Только вернувшись в камеру, я узнал, для чего делаются эти росписи. По словам моих сокамерников, во-первых, они нужны, чтобы точно знать, сколько времени заключенный отсутствовал в камере и где именно он был в это время. Во-вторых, моя роспись подтверждает, что следователь действительно столько-то времени проводил ночной допрос, а за работу ночью они получали определенную доплату. Конвоиры же закрывали от меня верхнюю часть страницы потому, что там были подписи других заключенных, о которых я не должен был, по правилам, ничего знать. После этих объяснений я уже не отказывался расписываться в книге.

Первым делом при нашей первой встрече мой следователь ознакомил меня с ордером прокурора на мой арест и взял с меня расписку, что я с ним ознакомлен. Это меня убёдило, что начальник смоленской тюрьмы был до некоторой степени прав: с точки зрения советской процедуры я тогда, в Смоленске, еще не был арестован. После того следователь зачитал мне постановление Генерального прокурора СССР по обвинению меня в преступлении, предусмотренном статьей 58 частью 6 (шпионаж) Уголовного кодекса РСФСР.[45] Кроме того, мне объяснили, что я более не считаюсь военнопленным, а преступником, и буду трактоваться как таковой со всею строгостью советских законов. Следователь ознакомил меня и с соответствующим разделом уголовного кодекса, предусматривающим за шпионаж высшую меру наказания — расстрел. Я возразил, что не являюсь советским гражданином, не сделал ни единого преступления на советской территории, на что мне следователь гордо заявил, что советский закон карает любого человека за любые преступления против СССР, где бы они не были совершены. Если же речь идет о моем польском гражданстве, добавил он, то такового государства более не существует, следовательно, нет и такого гражданства.

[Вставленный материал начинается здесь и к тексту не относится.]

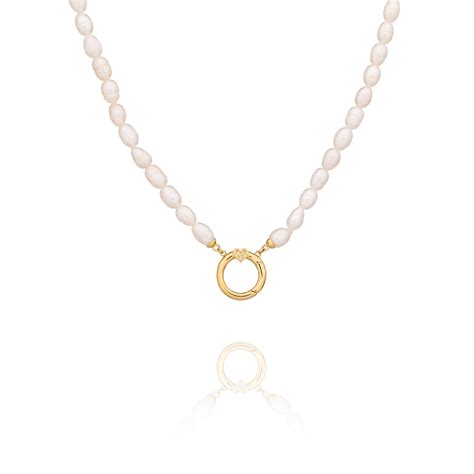 Pearl Charm Clasp Necklace Gold | Shen Yun Collections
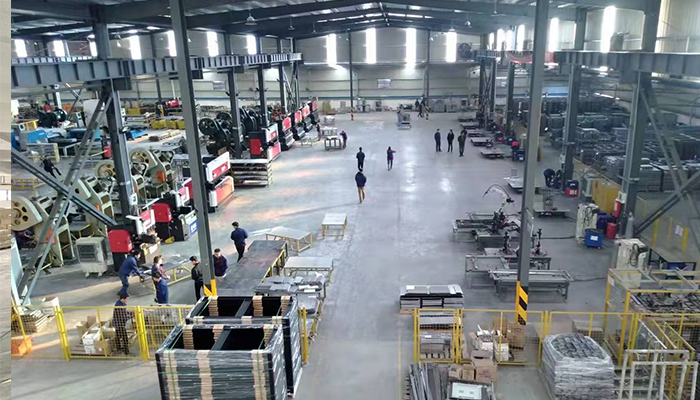 源頭廠家直銷：除了“價(jià)格更低”，機(jī)柜采購(gòu)還能獲得什么？（精致機(jī)柜揭秘）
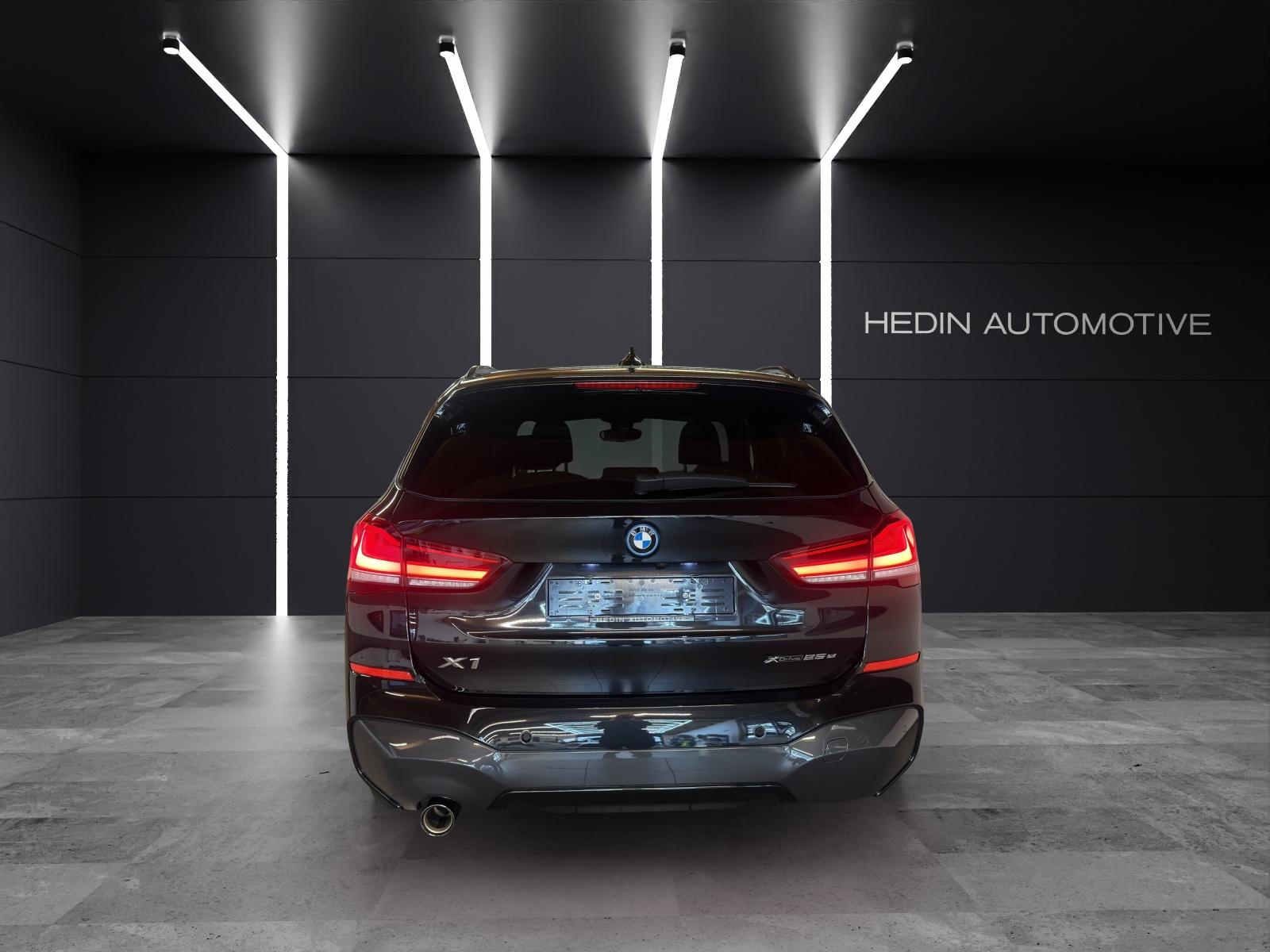 BMW X1 25e xDrive-showroom-element-3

Вообще, это была тяжелая ночь, подавляюще подействовавшая на меня. И все же в душе еще теплилась надежда, что после какого-нибудь из допросов меня вновь отошлют в лагерь военнопленных. Но и эта надежда гасла с каждым днем. Единственно, что еще как-то помогало, — присутствие в камере Скалака, хотя и он мог помочь только морально. Мы оба старались помогать друг другу, поддерживать друг друга духовно.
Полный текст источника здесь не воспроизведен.